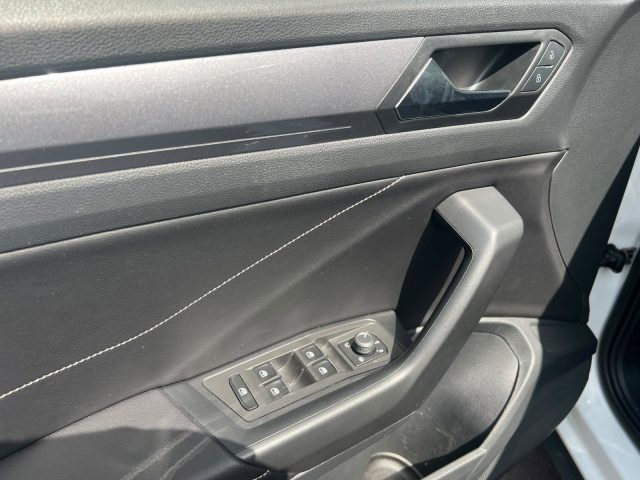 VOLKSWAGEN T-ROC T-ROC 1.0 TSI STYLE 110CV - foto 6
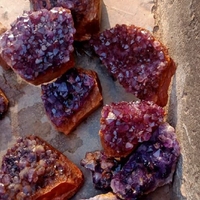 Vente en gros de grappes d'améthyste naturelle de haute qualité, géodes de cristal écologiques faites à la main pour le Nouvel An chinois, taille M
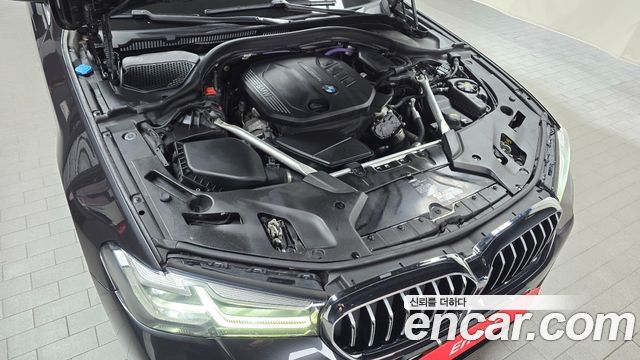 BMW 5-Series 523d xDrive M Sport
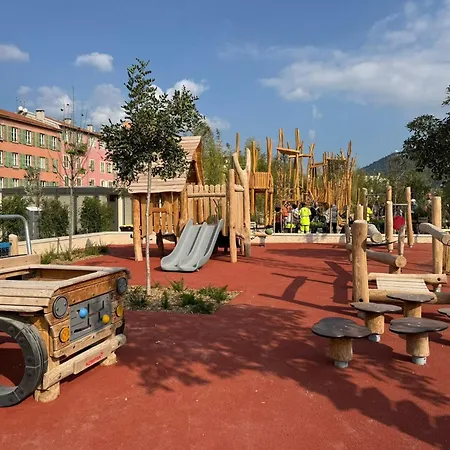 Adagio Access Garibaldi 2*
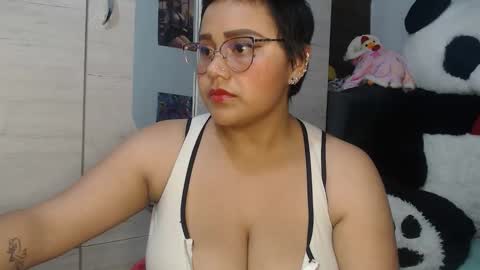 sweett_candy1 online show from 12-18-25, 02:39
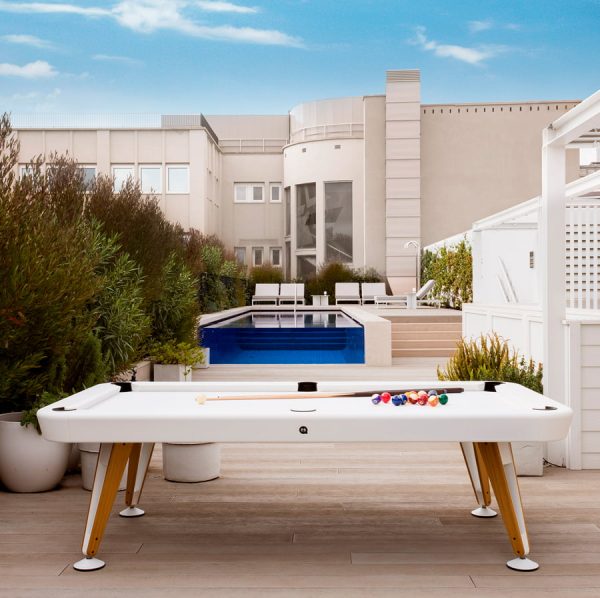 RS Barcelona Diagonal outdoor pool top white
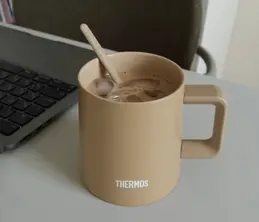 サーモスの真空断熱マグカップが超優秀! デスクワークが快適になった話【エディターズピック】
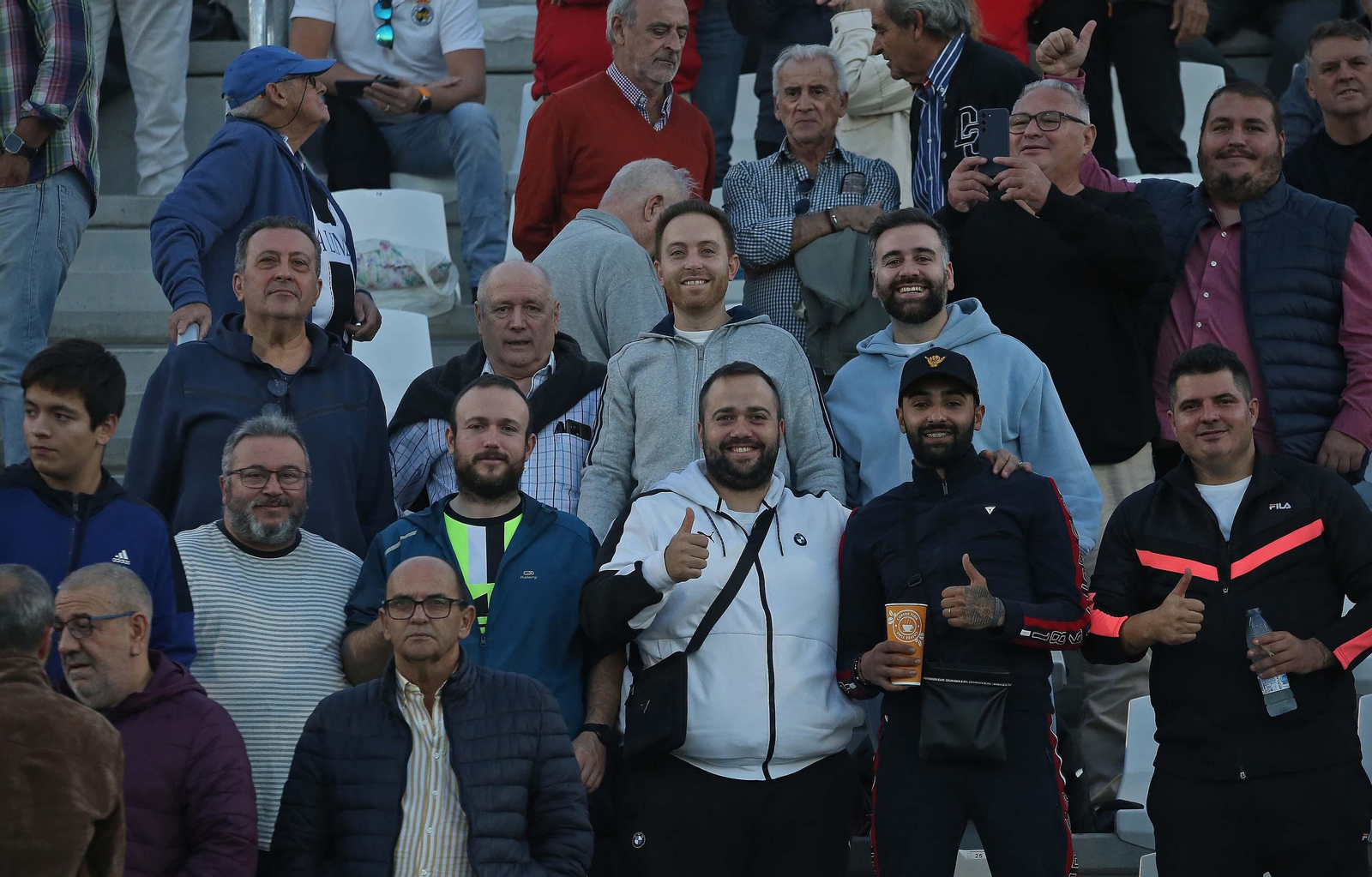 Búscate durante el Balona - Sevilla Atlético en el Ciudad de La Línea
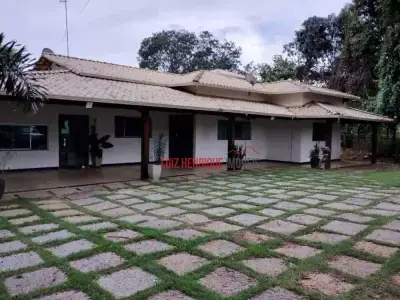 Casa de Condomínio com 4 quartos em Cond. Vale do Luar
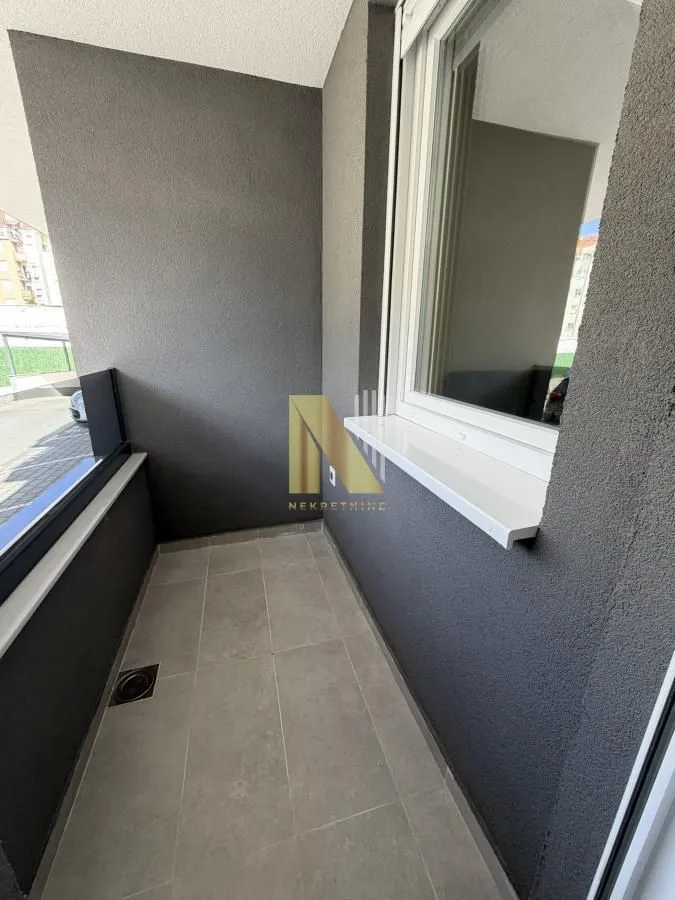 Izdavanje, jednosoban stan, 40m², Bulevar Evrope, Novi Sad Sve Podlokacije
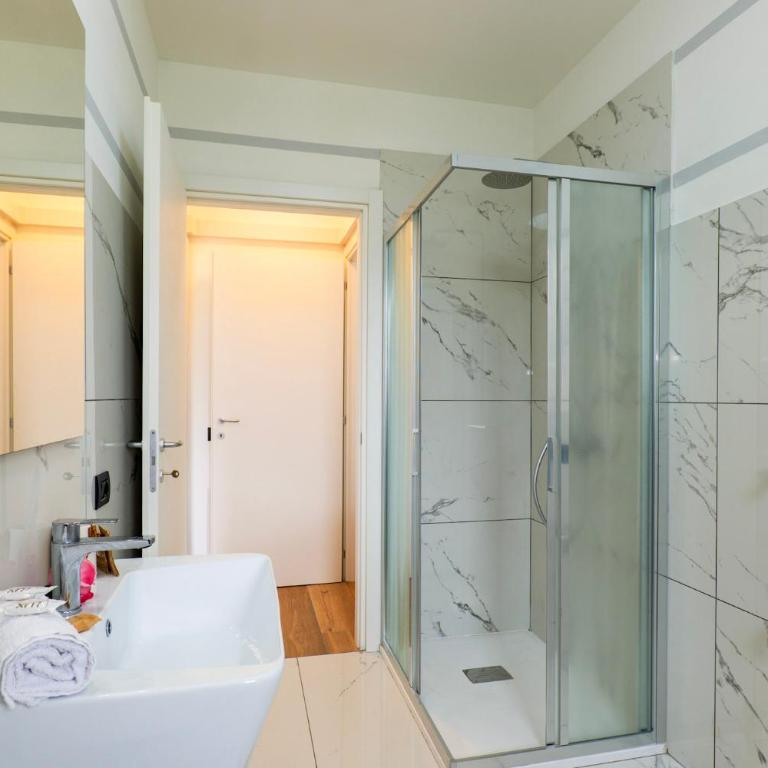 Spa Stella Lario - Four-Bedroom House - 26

········

▸ What is expected
Beginning with the line where "Izdavanje, jednosoban stan, 40m², Bulevar" appears, restate word for word every line down to the last one in the data, but keep the pictures out.

▸ Task response
 Izdavanje, jednosoban stan, 40m², Bulevar Evrope, Novi Sad Sve Podlokacije
 Spa Stella Lario - Four-Bedroom House - 26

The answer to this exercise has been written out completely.